車載LANと42V電源系の動向 ――高性能化,高機能化が求められる車載機器の開発
3.「カーエレ」は特殊な世界か?
民生機器と異なり,車載機器では制御している最中に故障が発生した場合,人命にかかわる事故の原因となる可能性があります.このため,車載機器では民生機器より高い10Fit注2/10ppm注3以下という目標値を掲げて製品を開発している場合があります.そして,不良が1個発生するたびに原因を特定して不良率をなくすことを求められるので,メーカは品質改善のための体制を確立する必要があります.
この要求に対応するため,半導体メーカでは製品に欠陥がない状態で出荷するように絶えず取り組んでいます.製造プロセスがムーアの法則に従い18ヵ月で2倍の回路規模を取り込めるように発展しているため,新製品を開発するときの故障回路検出用のテスト・プログラムの開発期間が飛躍的に増大してきています.最新の32ビット・マイコンを開発する場合には,回路規模が1,000万トランジスタを超えているため,テスト・パターンの開発には十分な時間をかける必要があります.そこで,EDAツールを活用して回路レベルで故障シミュレーションを実施し,人的作業のミスをなくして出荷できる体制を整備しています.

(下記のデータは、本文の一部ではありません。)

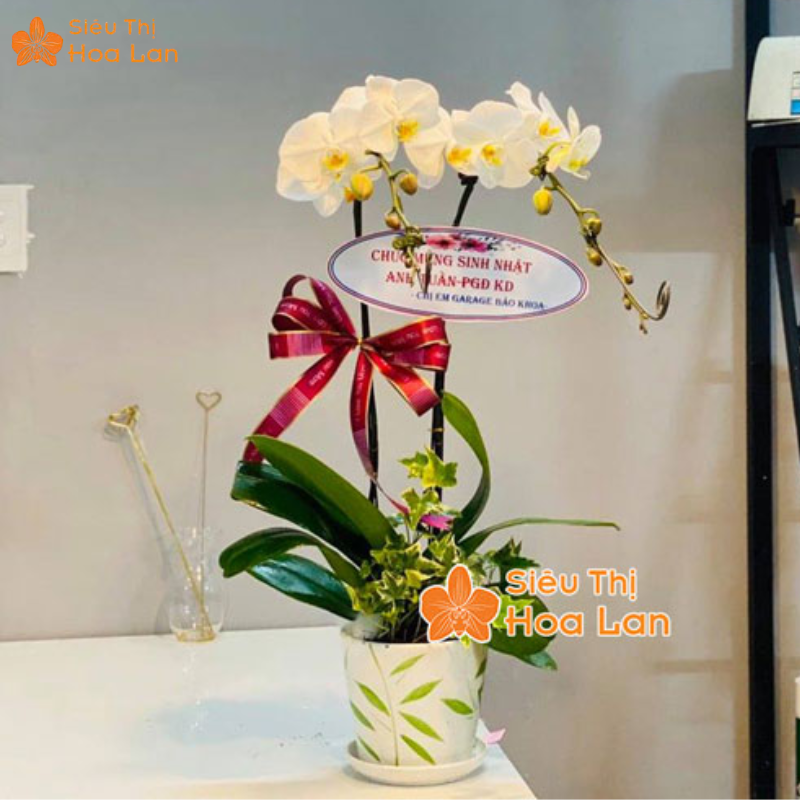  các màu của lan hồ điệp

また,製品開発面では事故を防止するために,つねに安全な場所まで移動できるだけの最低限の動作注4 や,故障が発生した場合に乗員へ通知する機能などが車載機器に求められています.この要求に対応するため,通常の制御処理に比べて2倍以上の回路規模と回路性能,および検証作業が必要となります.また,自動車を販売した後で故障が起きた場合,まず故障原因が単発的なものなのか,類似する問題が発生するのかを分析しなくてはなりません.後者の場合,最悪,リコールとなることもあるため,自動車メーカだけでなく部品を供給する会社にも迅速に対応できる体制を整えることが求められます.
注2;Fit(failure in time)は初期故障・偶発故障期間の故障率を示す.1Fit(1×10-9)は,10億個出荷した場合,その使用期間中に1時間当たり1個の不良しか許さないことを示す.
注3;1ppm(part per million=1×10-6)は,100万個出荷時に1個の不良しか許さないことを示す.
注4;例えば,エンジンであれば安全な場所まで移動できる最低限の速度,ABSであればブレーキ制御は行えないがペダルを踏むとブレーキがかかり止まれることなど.